Work instruction:
Could you retype the lines below, starting at the line holding "Самые большие жуки на свете" and stopping at the line holding "Gąbka Nerkowa Chondrosia", inclusive? Copy them exactly and drop the images.

Data under study:
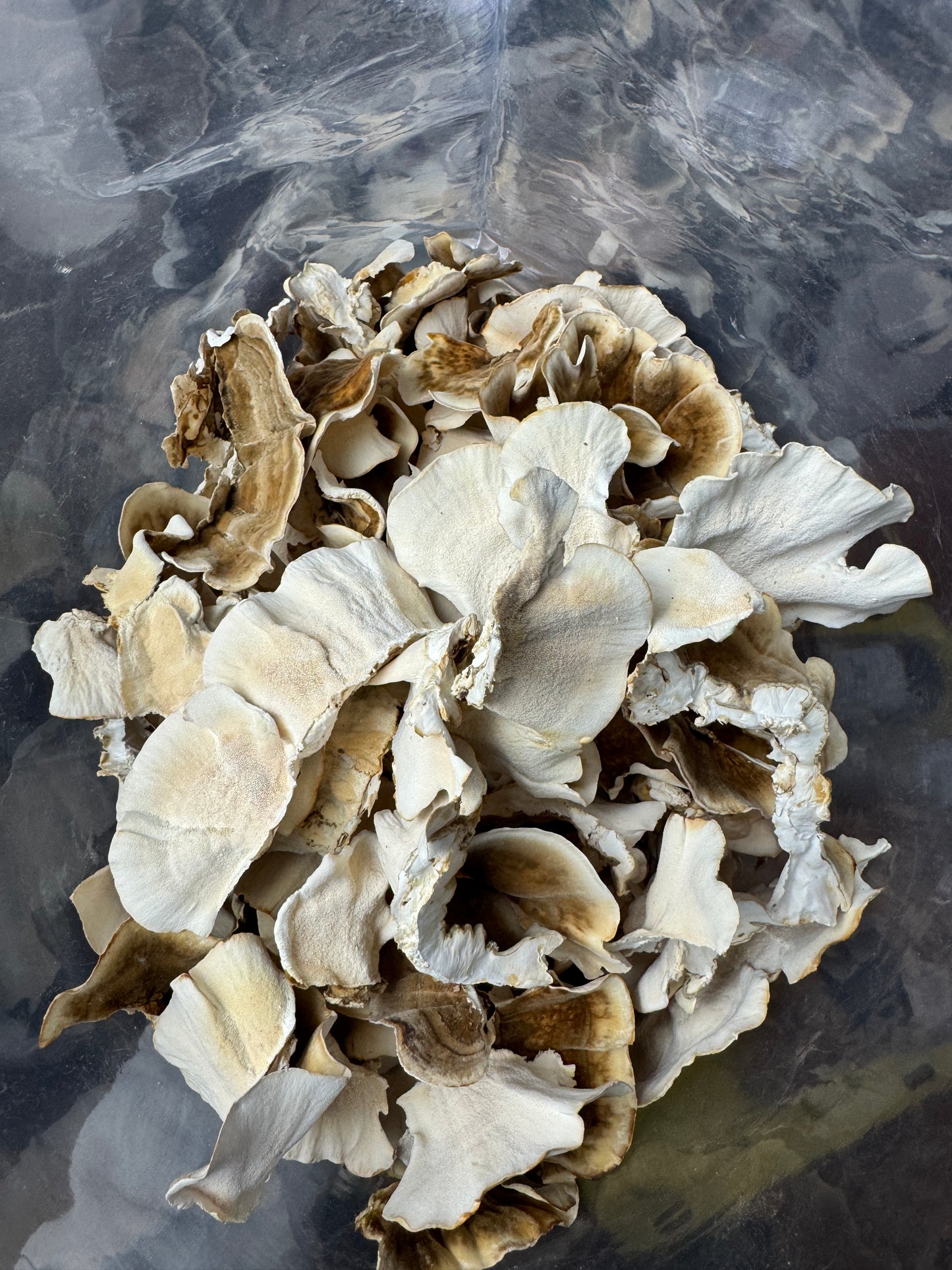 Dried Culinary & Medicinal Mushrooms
* * *
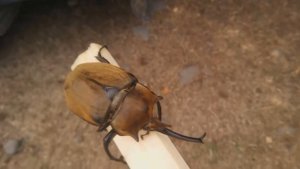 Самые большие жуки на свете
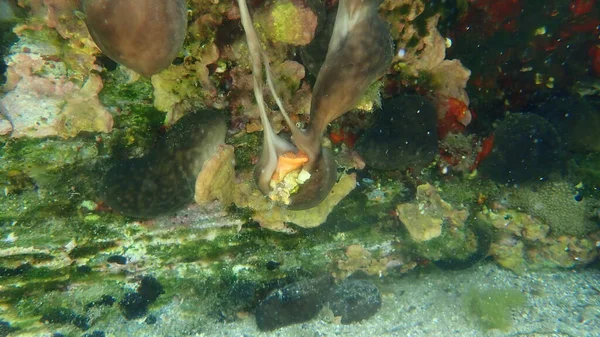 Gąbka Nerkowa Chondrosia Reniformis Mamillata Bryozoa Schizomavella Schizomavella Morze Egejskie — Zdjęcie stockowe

Response below:
 Самые большие жуки на свете
 Gąbka Nerkowa Chondrosia Reniformis Mamillata Bryozoa Schizomavella Schizomavella Morze Egejskie — Zdjęcie stockowe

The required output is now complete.